At page 207 he writes “ISI’s strategists felt that for the Ghazwa-e-Hind (the promised Battle for India, there was a need for a structure which stood on more solid foundations…Pakistani ISI almost simultaneously opened theaters of war in Central Asian regions and in the Indian-held Kashmir in the late 1980s, when various newly organized Kashmiri militant organizations including Harkat-ul Jihad-i-Islami and Hizbul Mujahadeen confronted Indian security forces in Indian Kashmir”. Saleem Shahzad takes us into a world of intricate secrets and discovers the first evidence of a change in the manner of interest from a real perception into a proxy. He writes, “After the death in a plane crash of General Zia ul Haq and the formation of a new government led by the Pakistan Peoples Party, the era of Islamist generals such as General Hamid Gul in Pakistani military headquarters came towards an end, and the strategies such as Ghazwa-e-Hind transformed into “bleed India” projects became more of a purely functional proxy operation rather than a deep rooted Jihadi perception”.
At page 209 Saleem Shahzad writes, “By the year 2001, strategically speaking, Pakistan had become the most influential country from Central Asia to Bangladesh. It was about to translate that for a better bargain with India as well as Iran and the United States when 9/11 occurred. The entire world changed and so did Pakistan’s strategic objectives”.
It is unfortunate that what a journalist in Pakistan knew about the happenings in Kashmir remains all Greek to our leadership even today. Saleem Shahzad writes (page 210), “The thousands of Jihadis assembled in Afghanistan were equally aware that they faced persecution, jail and oppression and so they made their way to the Pakistani tribal areas to join up with Al-Qaeda. With that the entire Jihadi assets of the ISI (raised over two decades) fell into the lap of Al-Qaeda. And with this, Al-Qaeda was able to expand the boundaries of the theater of war from Central Asia to Afghanistan and across to Bangladesh”.
Saleem Shahzad leads us to find the beginnings when Jihadis made a conscious decision to abandon their struggle in Kashmir. He writes (page 210) “In 2005, the formidable operational commander of Harkat-ul Jihad-i-Islami, Muhammad Ilyas Kashmiri became convinced after his second release from ISI detention that US pressure had permanently disabled the Pakistan army’s capacity to revert to its pre 9/11 role as the supreme strategic force in the region. He therefore decided to abandon his struggle in Kashmir and moved to fight in Afghanistan.”

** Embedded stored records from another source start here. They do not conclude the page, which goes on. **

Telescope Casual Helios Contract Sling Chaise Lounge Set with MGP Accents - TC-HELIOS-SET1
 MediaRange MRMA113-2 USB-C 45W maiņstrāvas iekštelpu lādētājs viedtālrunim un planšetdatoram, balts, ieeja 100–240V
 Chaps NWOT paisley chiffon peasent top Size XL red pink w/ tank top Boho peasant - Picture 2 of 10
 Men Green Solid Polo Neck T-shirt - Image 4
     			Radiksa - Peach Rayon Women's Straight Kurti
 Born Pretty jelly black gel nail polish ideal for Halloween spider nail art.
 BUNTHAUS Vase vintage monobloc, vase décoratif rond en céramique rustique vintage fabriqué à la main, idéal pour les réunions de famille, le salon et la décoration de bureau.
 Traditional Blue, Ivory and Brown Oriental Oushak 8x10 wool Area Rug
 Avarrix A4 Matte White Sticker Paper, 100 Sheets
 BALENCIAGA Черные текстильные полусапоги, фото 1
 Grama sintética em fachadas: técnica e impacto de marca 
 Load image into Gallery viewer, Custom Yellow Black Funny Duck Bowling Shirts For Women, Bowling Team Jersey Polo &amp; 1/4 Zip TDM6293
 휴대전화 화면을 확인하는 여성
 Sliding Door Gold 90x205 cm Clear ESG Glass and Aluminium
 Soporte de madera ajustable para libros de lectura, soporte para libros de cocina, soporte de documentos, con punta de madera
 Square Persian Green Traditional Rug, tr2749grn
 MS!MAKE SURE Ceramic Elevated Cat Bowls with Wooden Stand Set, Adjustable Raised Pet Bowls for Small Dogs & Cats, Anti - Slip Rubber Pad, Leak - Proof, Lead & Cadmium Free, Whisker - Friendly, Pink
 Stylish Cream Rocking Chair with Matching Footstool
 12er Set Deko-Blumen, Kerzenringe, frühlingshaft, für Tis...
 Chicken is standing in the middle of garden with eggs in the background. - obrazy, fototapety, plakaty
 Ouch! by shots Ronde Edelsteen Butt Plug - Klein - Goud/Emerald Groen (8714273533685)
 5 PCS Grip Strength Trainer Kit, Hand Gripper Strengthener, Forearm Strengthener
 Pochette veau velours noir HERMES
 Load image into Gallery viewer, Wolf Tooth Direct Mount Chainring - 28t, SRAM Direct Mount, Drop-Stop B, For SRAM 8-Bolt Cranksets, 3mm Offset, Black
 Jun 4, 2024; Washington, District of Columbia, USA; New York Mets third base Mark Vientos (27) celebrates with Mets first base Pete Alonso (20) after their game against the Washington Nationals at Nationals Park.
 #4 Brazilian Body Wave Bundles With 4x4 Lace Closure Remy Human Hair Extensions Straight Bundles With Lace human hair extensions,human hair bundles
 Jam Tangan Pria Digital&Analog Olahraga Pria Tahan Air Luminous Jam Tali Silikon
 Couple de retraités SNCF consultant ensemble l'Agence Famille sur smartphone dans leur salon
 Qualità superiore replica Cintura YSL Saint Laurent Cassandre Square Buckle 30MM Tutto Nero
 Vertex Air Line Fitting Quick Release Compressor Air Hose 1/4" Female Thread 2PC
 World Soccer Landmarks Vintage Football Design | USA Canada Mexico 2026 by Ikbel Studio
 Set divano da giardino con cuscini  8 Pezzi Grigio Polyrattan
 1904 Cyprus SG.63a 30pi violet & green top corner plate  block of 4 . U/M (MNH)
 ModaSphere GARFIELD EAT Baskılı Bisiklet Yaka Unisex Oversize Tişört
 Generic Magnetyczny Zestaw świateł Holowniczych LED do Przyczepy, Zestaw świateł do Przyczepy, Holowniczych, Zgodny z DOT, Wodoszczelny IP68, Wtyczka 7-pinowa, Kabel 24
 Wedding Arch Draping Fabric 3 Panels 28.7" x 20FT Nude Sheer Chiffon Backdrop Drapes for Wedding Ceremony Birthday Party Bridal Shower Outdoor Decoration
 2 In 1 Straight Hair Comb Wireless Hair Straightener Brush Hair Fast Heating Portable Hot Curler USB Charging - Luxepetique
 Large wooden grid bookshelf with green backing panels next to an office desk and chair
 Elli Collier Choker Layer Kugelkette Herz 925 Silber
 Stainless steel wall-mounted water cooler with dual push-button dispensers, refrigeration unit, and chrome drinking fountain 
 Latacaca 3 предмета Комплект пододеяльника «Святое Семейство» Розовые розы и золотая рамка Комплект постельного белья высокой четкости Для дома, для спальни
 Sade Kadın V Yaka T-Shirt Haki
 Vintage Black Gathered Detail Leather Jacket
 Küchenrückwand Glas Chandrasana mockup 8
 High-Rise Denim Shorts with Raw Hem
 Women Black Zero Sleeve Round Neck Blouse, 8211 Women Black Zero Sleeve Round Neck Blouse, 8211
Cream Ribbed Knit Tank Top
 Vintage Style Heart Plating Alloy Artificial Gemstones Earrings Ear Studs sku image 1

We know from the book that “Kashmiri was familiar with Afghanistan as he had first trained and fought there back in 1980s, before he went to Kashmir. He took his family along with him this time and migrated to North Waziristan. His aim was to fight alongside the Afghan Taliban against the NATO forces”
Late on June 3, a drone strike killed Ilyas Kashmiri, now a senior non-Arab al-Qaeda leader, and several of his men, as they took tea in an orchard in South Waziristan. Saleem Shahzad was tortured to death on 31 May 2011. Journalists, politician and the civil society organizations came out in mourning and forced the Government to appoint a five-member commission headed by Justice Saqib Nisar, a serving judge of the Supreme Court to investigate his kidnapping and murder.
We need to find an honest soul left in our politicians and civil society organizations who would care to ask for a public hearing to know about the bona fides of the authors of the script of our political and associate militant struggle from 1990. If Saleem Shahzad, a Pakistan, knew all about Kashmir, why did our leaders fail to know beyond tomorrow and save a generation to save the right of self-determination?
We should have been engaged in a struggle in the manner of the people of East Timor and South Sudan to force the world community to translate UN mechanism on Kashmir into a reality and should have hesitated to offer ourselves for “Bleed India Project” which in the words of Saleem Shahzad was “purely functional proxy operation rather than a deep rooted Jihadi perception”.